§ **Goal of the exercise**: How many lines of the data contain "World"? Reply with the number alone.

[Data excerpts]
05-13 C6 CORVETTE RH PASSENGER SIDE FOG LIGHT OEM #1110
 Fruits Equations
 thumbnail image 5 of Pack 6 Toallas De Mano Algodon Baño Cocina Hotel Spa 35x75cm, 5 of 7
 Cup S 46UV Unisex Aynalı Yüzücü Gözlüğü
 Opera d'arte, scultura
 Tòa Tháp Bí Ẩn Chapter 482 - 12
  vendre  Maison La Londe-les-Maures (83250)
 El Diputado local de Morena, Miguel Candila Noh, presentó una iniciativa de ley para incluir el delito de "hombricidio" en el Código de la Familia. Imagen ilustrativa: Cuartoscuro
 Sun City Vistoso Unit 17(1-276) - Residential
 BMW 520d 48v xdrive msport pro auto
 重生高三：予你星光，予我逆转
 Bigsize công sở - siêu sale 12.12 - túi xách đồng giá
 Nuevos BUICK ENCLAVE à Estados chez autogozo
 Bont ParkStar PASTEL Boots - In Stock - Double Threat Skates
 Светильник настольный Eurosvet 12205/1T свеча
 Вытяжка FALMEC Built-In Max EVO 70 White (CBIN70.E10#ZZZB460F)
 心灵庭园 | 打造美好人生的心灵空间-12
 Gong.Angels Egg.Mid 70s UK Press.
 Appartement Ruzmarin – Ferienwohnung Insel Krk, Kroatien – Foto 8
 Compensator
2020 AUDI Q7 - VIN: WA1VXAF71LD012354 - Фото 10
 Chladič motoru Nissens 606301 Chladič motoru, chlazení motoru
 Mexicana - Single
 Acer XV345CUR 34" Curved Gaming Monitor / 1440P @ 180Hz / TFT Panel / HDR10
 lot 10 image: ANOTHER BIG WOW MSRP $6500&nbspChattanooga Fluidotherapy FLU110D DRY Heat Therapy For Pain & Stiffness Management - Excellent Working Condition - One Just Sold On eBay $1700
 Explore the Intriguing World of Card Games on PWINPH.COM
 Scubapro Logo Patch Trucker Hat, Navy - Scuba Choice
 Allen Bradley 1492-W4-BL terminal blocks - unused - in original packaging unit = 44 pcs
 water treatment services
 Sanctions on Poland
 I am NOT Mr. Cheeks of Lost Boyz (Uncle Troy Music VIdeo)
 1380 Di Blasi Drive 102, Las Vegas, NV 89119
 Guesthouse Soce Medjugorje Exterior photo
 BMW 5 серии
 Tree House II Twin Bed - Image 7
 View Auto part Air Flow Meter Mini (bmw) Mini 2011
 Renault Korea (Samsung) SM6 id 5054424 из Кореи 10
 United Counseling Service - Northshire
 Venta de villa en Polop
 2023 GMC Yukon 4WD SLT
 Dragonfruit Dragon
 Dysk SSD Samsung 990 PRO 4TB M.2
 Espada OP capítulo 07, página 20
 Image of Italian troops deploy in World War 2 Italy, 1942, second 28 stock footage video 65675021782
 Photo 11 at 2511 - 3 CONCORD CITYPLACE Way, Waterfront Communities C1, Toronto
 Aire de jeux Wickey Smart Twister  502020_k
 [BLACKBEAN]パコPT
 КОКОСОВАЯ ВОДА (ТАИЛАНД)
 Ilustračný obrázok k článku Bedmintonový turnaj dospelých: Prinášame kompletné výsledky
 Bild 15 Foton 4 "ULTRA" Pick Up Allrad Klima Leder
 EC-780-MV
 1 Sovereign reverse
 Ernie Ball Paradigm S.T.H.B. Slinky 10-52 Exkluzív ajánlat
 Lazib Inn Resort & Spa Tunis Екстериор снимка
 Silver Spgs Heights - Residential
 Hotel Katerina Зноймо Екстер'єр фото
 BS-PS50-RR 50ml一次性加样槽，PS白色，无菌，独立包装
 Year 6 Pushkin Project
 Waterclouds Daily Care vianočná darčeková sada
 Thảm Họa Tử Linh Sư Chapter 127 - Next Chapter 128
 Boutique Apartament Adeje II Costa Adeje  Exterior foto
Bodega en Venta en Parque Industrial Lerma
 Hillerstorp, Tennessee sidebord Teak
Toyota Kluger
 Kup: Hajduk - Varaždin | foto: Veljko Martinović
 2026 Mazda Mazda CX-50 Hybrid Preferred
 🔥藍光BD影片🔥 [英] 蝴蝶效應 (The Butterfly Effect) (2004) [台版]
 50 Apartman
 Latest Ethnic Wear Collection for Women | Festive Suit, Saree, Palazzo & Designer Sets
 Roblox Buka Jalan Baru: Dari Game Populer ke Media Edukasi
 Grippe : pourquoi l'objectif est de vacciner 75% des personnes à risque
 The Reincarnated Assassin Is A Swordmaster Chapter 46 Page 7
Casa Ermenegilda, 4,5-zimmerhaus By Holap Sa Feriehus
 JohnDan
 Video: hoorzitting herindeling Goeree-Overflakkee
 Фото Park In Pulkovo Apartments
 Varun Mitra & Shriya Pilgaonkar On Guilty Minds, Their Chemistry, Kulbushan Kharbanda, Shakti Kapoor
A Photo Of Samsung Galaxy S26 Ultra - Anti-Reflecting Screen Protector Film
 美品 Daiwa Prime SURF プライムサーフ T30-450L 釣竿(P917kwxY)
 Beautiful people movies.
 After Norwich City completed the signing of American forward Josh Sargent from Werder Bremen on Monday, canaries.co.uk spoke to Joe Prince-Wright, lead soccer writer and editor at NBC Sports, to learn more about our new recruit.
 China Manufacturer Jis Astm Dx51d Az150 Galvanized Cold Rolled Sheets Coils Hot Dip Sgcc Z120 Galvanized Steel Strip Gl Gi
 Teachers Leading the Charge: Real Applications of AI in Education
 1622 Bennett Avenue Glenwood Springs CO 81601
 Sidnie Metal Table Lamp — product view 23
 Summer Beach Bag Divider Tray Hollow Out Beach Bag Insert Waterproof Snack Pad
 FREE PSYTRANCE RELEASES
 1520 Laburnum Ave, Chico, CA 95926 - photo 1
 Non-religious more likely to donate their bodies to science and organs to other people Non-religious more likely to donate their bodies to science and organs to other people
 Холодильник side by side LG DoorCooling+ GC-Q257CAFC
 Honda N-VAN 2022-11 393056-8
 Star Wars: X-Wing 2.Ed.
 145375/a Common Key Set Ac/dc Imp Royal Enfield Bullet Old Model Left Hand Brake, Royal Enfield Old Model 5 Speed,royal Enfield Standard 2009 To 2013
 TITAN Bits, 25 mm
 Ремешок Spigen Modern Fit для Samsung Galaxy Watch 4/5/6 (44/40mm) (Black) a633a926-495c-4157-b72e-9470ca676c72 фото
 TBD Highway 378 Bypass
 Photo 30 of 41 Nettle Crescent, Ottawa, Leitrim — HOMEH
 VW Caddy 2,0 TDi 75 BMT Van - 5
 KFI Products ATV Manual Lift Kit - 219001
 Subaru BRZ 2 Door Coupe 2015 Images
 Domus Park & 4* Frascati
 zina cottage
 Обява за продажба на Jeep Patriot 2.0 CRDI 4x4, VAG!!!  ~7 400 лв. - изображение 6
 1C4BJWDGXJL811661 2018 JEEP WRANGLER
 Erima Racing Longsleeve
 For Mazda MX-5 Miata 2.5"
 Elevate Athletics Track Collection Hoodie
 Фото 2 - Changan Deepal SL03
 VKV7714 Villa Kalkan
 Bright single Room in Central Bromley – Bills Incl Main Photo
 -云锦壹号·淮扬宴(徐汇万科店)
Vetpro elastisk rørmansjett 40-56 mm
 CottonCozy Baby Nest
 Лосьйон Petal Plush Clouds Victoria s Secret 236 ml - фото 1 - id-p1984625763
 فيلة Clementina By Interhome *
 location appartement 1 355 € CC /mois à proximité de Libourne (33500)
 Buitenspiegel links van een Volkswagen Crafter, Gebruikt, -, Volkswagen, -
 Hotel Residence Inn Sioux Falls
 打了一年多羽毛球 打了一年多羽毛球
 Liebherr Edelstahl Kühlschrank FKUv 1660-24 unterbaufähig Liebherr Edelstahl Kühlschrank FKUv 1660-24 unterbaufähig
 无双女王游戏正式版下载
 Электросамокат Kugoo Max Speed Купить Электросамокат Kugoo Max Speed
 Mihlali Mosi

§ **Solution below**: 2